Quand le présent rejoint le passé …

Lorsque j’étais enfant le téléphone de la maison où je suis né était un vieil instrument, un petite caisse de bois surmontée d’un support où se trouvait le combiné microphone-écouteur et comprenant également une petite manivelle sur le côté. La ligne de téléphone qui longeait la route reliant le hameau où se trouvait la maison familiale et le village était « notre » ligne de téléphone car il n’y avait pas d’autre maison ou ferme agricole disposant d’un téléphone. Pour obtenir un correspondant il fallait tourner la manivelle et ce geste envoyait une impulsion électrique au central téléphonique du village. L’opératrice demandait alors à quel numéro de téléphone nous voulions être connecté et nous attendions une sonnerie qui indiquait que la connexion était établie. Tous les mois mes parents recevaient une enveloppe contenant une petite liasse de fiches cartonnées roses sur lesquelles étaient inscrits manuellement d’une belle écriture avec pleins et déliés les appels téléphoniques, l’heure et la durée des conversations ainsi que le numéro de téléphone appelé. C’était un avant-goût de ce qui allait être mis en place soixante-dix ans plus tard car l’opératrice pouvait s’offrir le luxe – illégal – de profiter par curiosité de la conversation téléphonique.
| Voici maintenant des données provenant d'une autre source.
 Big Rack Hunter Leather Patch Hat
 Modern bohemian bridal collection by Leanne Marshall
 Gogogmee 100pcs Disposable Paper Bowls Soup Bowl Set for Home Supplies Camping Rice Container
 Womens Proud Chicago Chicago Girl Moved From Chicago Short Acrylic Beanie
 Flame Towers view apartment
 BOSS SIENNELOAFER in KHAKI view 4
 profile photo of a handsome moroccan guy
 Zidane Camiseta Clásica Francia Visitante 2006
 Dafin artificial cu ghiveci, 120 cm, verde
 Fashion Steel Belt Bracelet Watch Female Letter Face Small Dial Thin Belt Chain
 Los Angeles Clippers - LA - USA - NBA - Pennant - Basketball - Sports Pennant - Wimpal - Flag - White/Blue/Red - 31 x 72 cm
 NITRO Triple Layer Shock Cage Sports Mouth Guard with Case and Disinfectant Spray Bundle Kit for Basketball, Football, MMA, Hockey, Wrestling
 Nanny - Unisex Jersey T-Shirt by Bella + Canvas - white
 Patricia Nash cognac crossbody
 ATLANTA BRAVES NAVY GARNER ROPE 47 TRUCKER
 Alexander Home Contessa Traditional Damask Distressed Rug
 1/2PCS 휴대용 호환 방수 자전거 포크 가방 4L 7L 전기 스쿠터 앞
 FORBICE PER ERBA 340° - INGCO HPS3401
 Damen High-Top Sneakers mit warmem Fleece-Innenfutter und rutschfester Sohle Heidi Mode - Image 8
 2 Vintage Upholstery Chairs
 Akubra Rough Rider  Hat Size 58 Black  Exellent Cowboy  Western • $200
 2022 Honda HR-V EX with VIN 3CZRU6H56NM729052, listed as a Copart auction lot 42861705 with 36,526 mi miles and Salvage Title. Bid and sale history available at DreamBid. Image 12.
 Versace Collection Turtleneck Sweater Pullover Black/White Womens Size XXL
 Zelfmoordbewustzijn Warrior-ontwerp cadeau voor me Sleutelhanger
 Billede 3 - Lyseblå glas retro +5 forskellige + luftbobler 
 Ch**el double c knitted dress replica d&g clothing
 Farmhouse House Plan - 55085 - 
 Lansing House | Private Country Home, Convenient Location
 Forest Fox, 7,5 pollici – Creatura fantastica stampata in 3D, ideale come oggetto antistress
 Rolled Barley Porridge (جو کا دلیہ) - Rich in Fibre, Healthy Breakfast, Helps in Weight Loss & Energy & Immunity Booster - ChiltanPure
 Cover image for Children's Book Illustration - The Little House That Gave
Aujourd’hui tous les appels téléphoniques, tous les messages écrits ou audio envoyés et reçus avec un téléphone cellulaire (ou fixe) sont enregistrés, étudiés avec des algorithmes sophistiqués, classés et archivés pour être éventuellement utilisés par la suite pour inonder chaque individu de publicités le plus souvent indésirables ou pour servir de supports à une enquête de police. De plus les téléphones cellulaires sont mobiles et notre localisation dans l’espace urbain ou même international est relevée scrupuleusement. À notre insu nous somme également géo-localisés par rapport à d’autres téléphones cellulaires. Par exemple quand le seul ami francophone que je vois régulièrement ici vient boire une bière ou un café à mon domicile le fournisseur d’accès au téléphone sait qu’il se trouve chez moi à telle heure de la journée à la date x du mois. L’opératrice du petit standard téléphonique de notre village connaissait tous les numéros appelés et tous les appels arrivant sur notre téléphone en bois avec une manivelle. Avec le gros annuaire téléphonique du département elle aurait pu ajouter des noms mais elle n’était pas payée pour ça. Aujourd’hui ce sont des robots qui mémorisent tout … Finalement je me dis que les technologies modernes n’ont rien inventé, elles ont seulement remplacé des personnes par des machines.